I really hope this was in fact his bike.

Amusingly, Lesh is an organizer recruiter for SEIU, which will be very confusing for conservatives cheering on his little bit of vigilantism.

FILED UNDER: Crime, Quick Takes
James Joyner
About James Joyner
James Joyner is Professor and Department Head of Security Studies at Marine Corps University's Command and Staff College and a nonresident senior fellow at the Scowcroft Center for Strategy and Security at the Atlantic Council. He's a former Army officer and Desert Storm vet. Views expressed here are his own. Follow James on Twitter @DrJJoyner.

Comments

  1. Julian Sanchez says:

    I could see not being able to tell if it was brand spanking new, but a 14-year-old bike? Mine’s a lot newer than that, but I’d still know it in a heartbeat.

  2. @Julian Sanchez:

    For sure. Just like we’d know our cars by every scratch and stain.

  3. Hey Norm says:

    I applaud Mr. Lesh.

  4. Franklin says:

    Shouldn’t Lesh have shot the guy? I mean, the dang thief was probably wearing a hoodie or something and would’ve deserved it.

  5. al-Ameda says:

    @Franklin:

    Shouldn’t Lesh have shot the guy? I mean, the dang thief was probably wearing a hoodie or something and would’ve deserved it.
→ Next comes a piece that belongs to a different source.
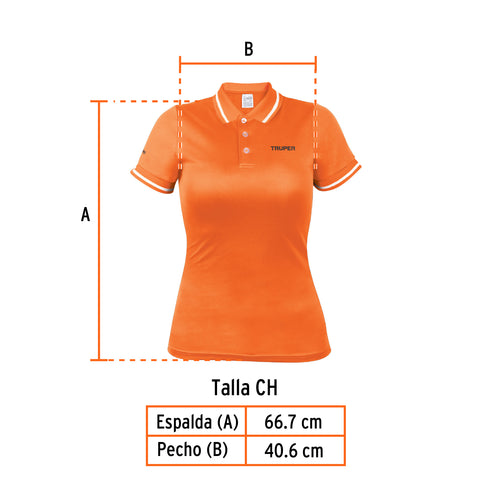 Playera polo performance para mujer, naranja, CH, Truper | DRY-ND-C | 69986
    This does bring up an interesting quandry with respect to “Stand Your Ground” laws, doesn’t it?

  6. If it was in fact his bike to begin with, not sure how he could “steal” it.

  7. PJ says:

    @Timothy Watson:

    If it was in fact his bike to begin with, not sure how he could “steal” it.
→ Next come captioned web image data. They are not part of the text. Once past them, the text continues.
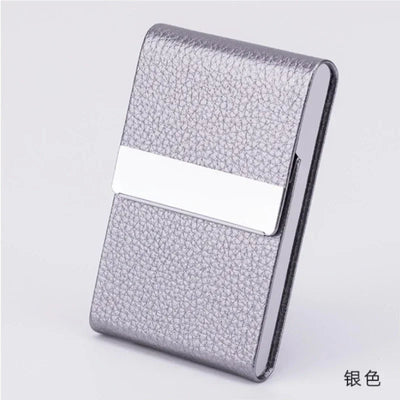 Men Postcard Box Business Multifunction Card Holder Case PU Leather Metal Pocket Holder with Magnetic Shut Cigarette Wallet Case - Smarsty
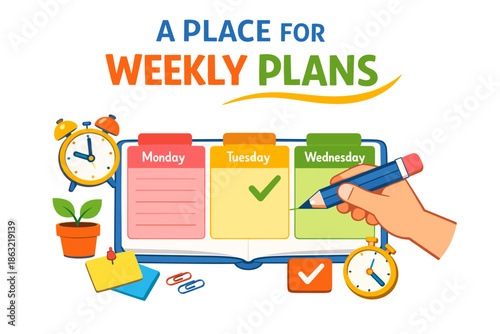 Colorful weekly planner with days labelled and decorative elements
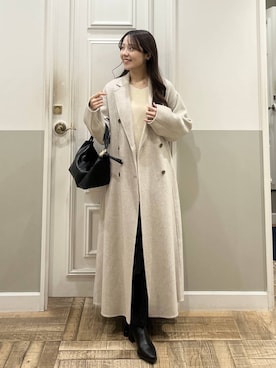 「アイテム（チュニック）」を使った、miyuさん（レディース・154cm）の冬コーディネート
    Since his ownership hasn’t been ascertained, he has stolen it.
    Even if he stole it back.
    Now, I doubt that the real thief is going to contact the police.

  8. Jeremy says:

    Don’t care what org he belongs too.

  9. racehorse says:

    @PJ: Friend of mine had his toolbox and battery stolen out of his truck. Police found them in a thief’s car and took him to court. The guy had his initials scribed on some of the tools and the ser# of the battery. The thief said that he “found ” them on the side of the road, along with tvs, vcrs, stereos that were also in his trunk: typical stolen items. The judge didn’t buy the story of course, and put the guy in the cooler for a while. Lesson: proof of ownership can come in handy in theft cases. A bike? You probably could identify it by scratches, colors, etc. Most judges still use their common sense and experience in these kind of cases, and, of course, they have probably seen the same suspects many times over and won’t buy their tales.

  10. Julian Sanchez says:

    “Since his ownership hasn’t been ascertained, he has stolen it.”

    Well… no. If, in fact, the bike is his, then it’s legally impossible for him to have stolen it. That’s not how we use the terms in ordinary speech either: otherwise “X stole (or didn’t steal) the bike” would mean the same as “It was proven that X stole (or didn’t steal) the bike”—but, of course, these sentences have quite different meanings. The most you might be able to say here is that a third party would need more information to be confident about whether he had stolen the bike or merely recovered it.

    Actually, even if he had a mistaken good faith belief the bike was his (as when, e.g., you take the wrong coat at a party), pretty sure that wouldn’t meet the legal criteria for theft, which requires intent.

  11. Franklin says:

    @Franklin: I’ll assume the down-voters don’t get sarcasm.

  12. JKB says:

    @Franklin:

    Several problems with your premise. First off, there is no information given to know if the recovering owner was sufficiently white hispanic. Secondly, this is DC where law abiding citizens are not allowed to defend themselves or carry weapons to defend themselves (National Capitol Criminal Protection Act). Thirdly, there was no situation in which there was an imminent threat of death or serious bodily injury. At no time, was force used by either party so there is no grounds for self defense.

    Now, if the recovering owner had been prone to violence, which his affiliation with SEIU might indicate, he could have used a bat to break one or both of the thief’s knees thereby inhibiting his future thefts of bicycles. Apparently, he was sufficiently moved by the oppressed nature of the thief, he chose simply to leave him intact and able to commit future thefts.